Stored items from a collection:
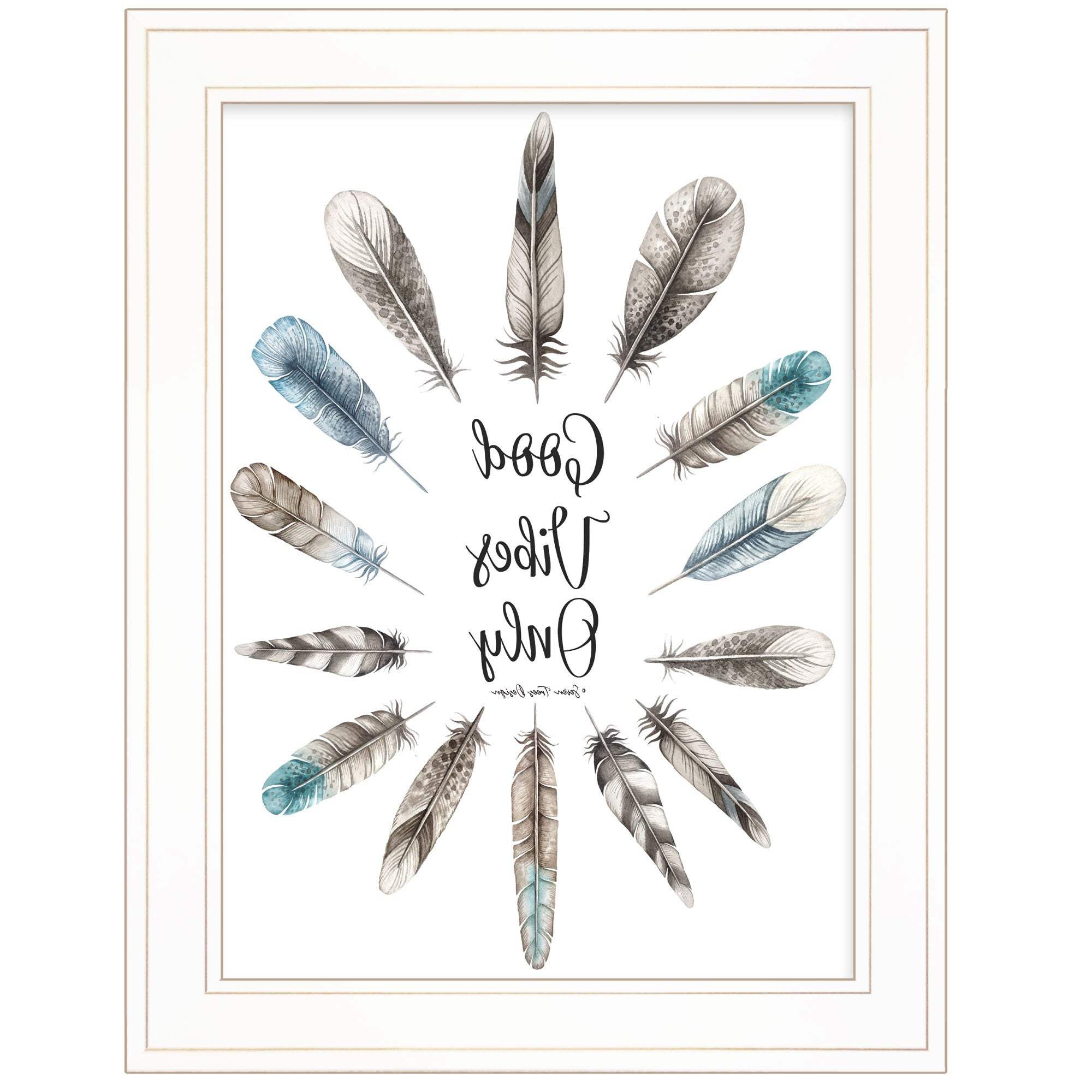 Good Vibes Only 1 White Framed Print Wall Art - Homeroots - Flyclothing LLC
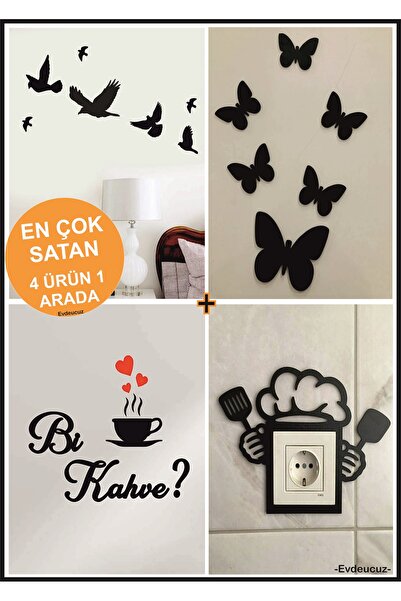 evdeucuz 4 Ürün 1 Arada Mutfak Duvar Dekorları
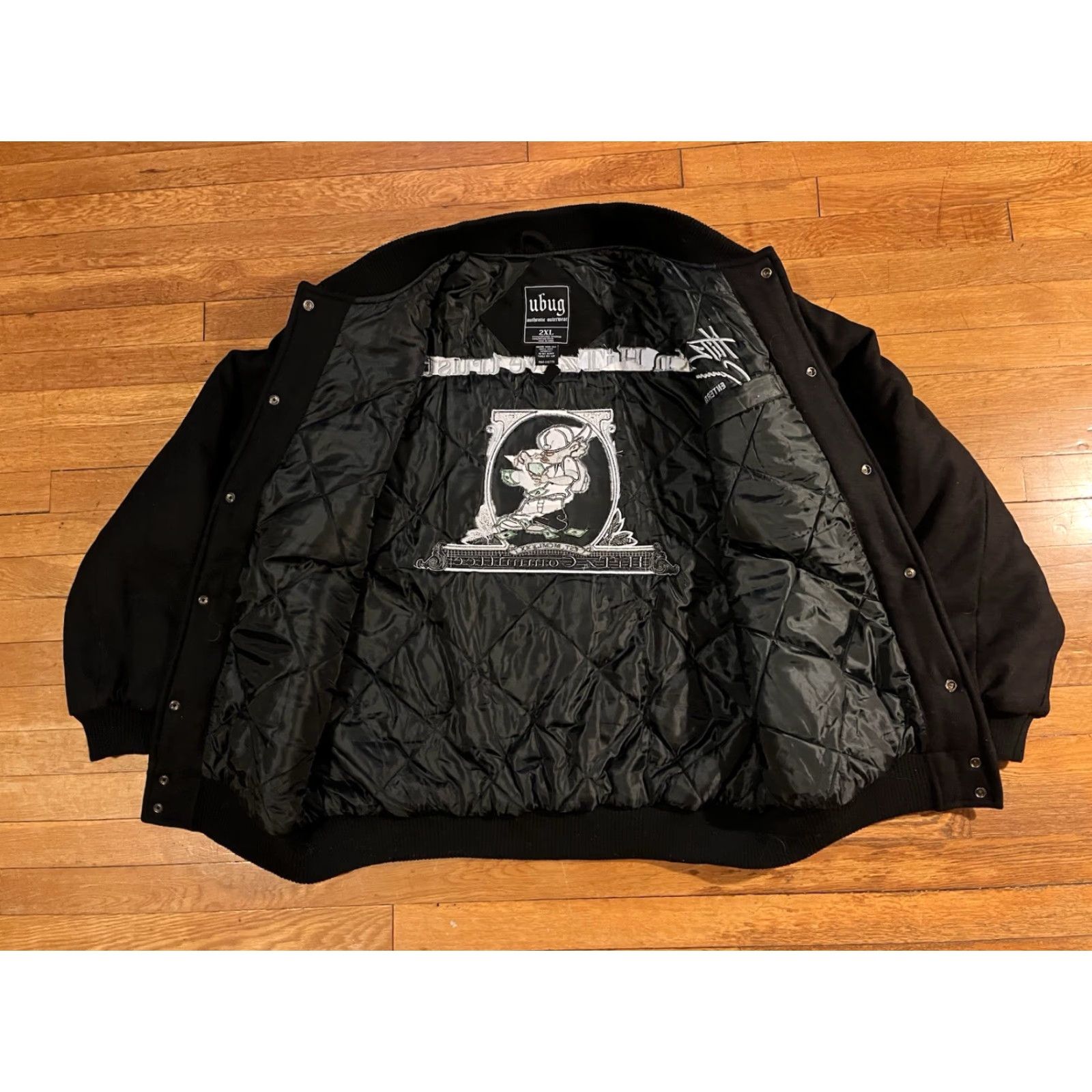 Vintage VINTAGE ubug Hitz Committee Record Label Bomber Jacket Men’s 2XL Black Hip Hop X2K Size US XXL / EU 58 / 5 - 5 Thumbnail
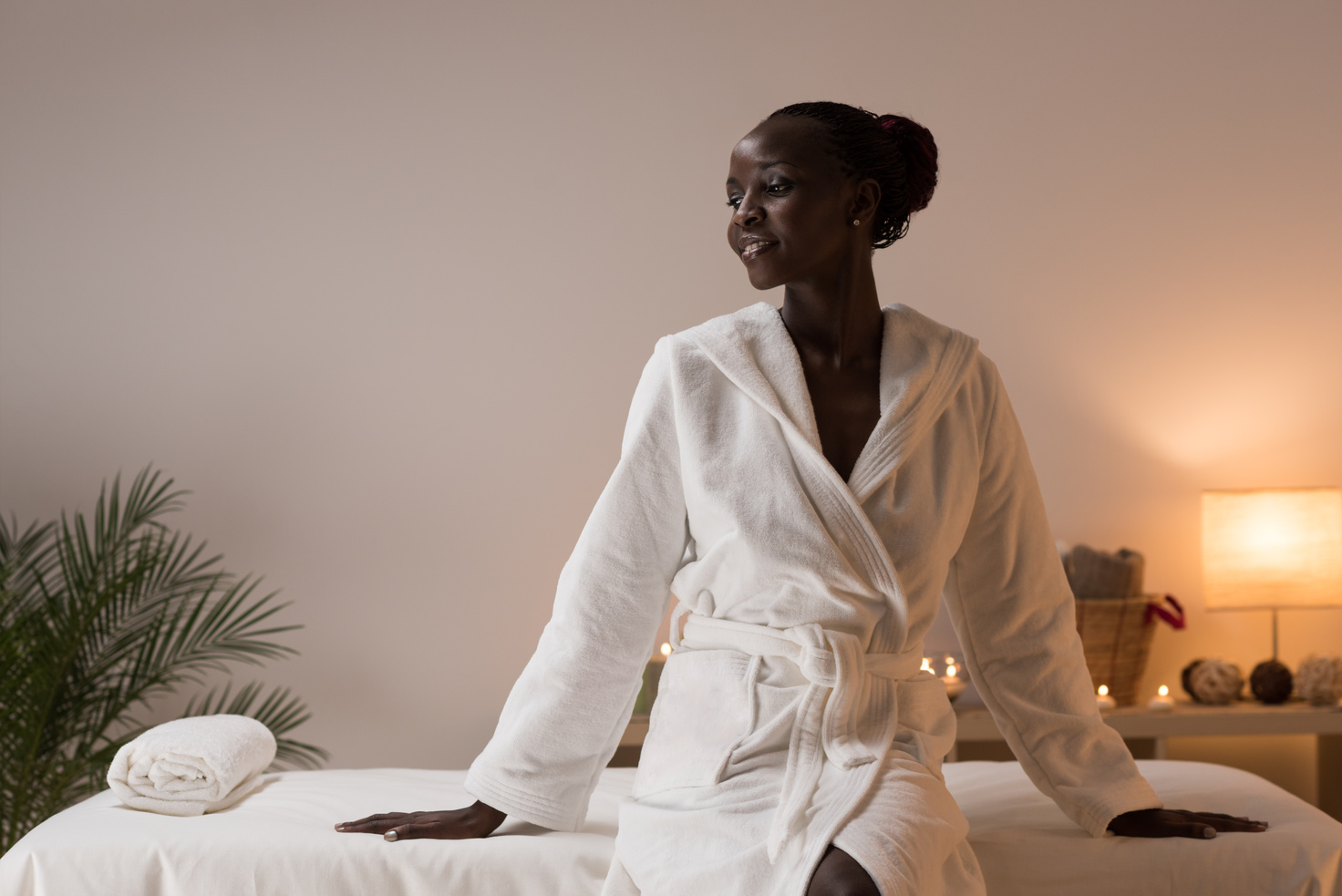 Woman Sitting at Beauty Spa Salon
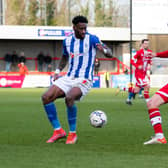 Omar Bogle scored the only goal of the game as Hartlepool United earned all three points at the People's Pension Stadium. Picture by Jamie Evans
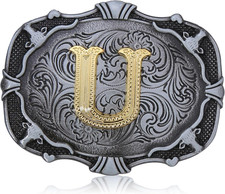 Kids Western Cowboy Texas Rodeo Belt Buckle for Boys Girls, Initial Letters a to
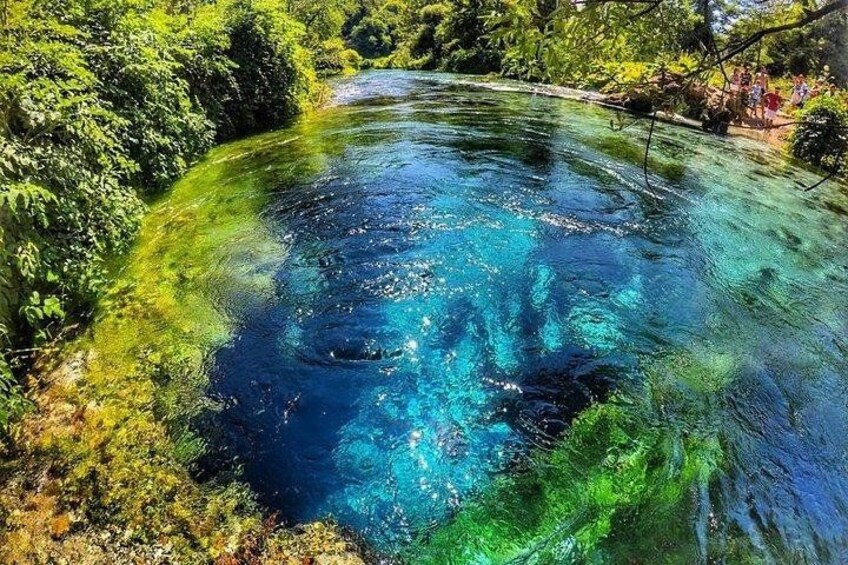 A clear blue river surrounded by lush greenery. 1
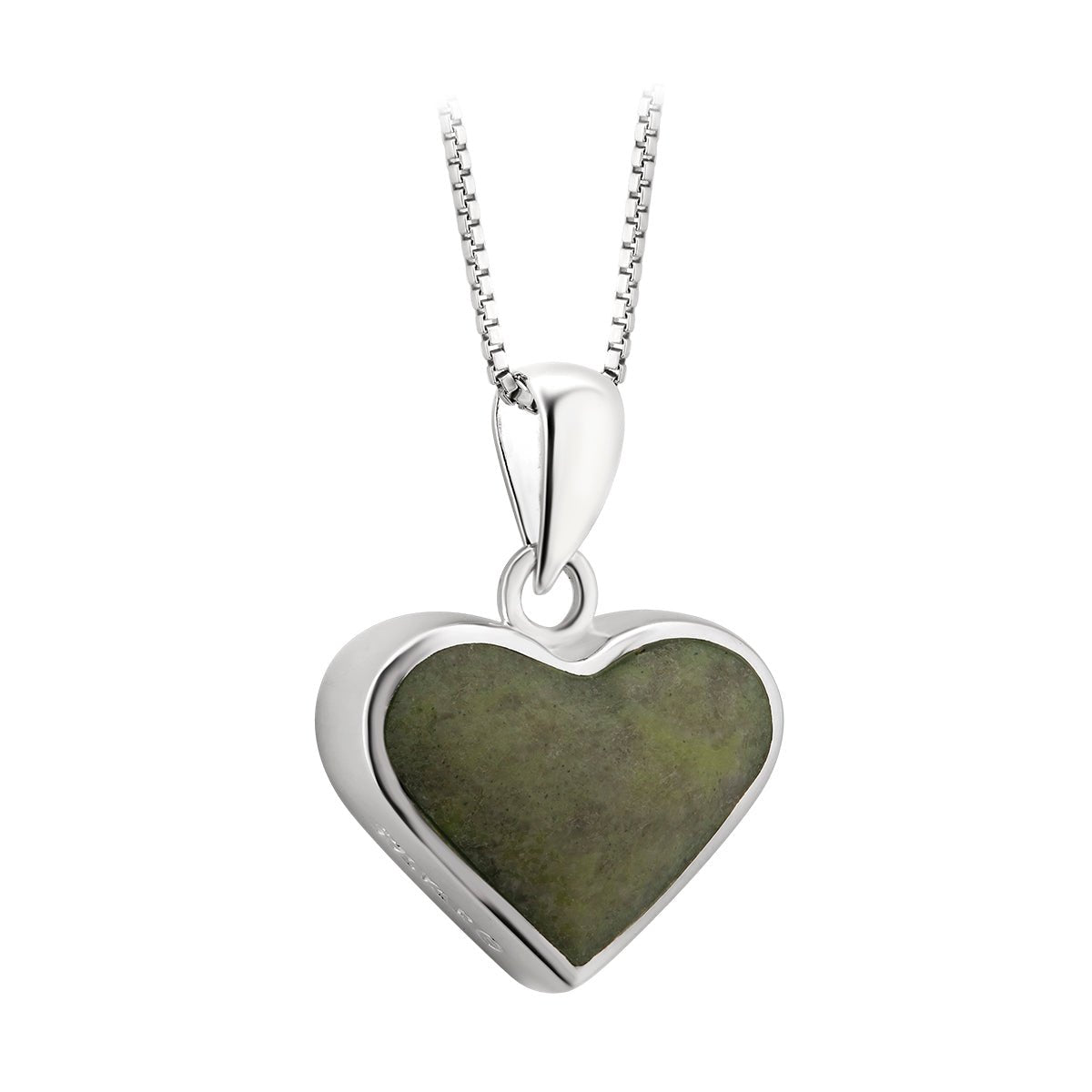 Connemara Marble and Sterling Silver Heart Necklace - The Celtic Gift Store - Necklaces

Task details: Skipping the pictures, transcribe each line above exactly as it appears.

Answer for this exercise:
 Good Vibes Only 1 White Framed Print Wall Art - Homeroots - Flyclothing LLC
 evdeucuz 4 Ürün 1 Arada Mutfak Duvar Dekorları
 Vintage VINTAGE ubug Hitz Committee Record Label Bomber Jacket Men’s 2XL Black Hip Hop X2K Size US XXL / EU 58 / 5 - 5 Thumbnail
 Woman Sitting at Beauty Spa Salon
 Omar Bogle scored the only goal of the game as Hartlepool United earned all three points at the People's Pension Stadium. Picture by Jamie Evans
 Kids Western Cowboy Texas Rodeo Belt Buckle for Boys Girls, Initial Letters a to
 A clear blue river surrounded by lush greenery. 1
 Connemara Marble and Sterling Silver Heart Necklace - The Celtic Gift Store - Necklaces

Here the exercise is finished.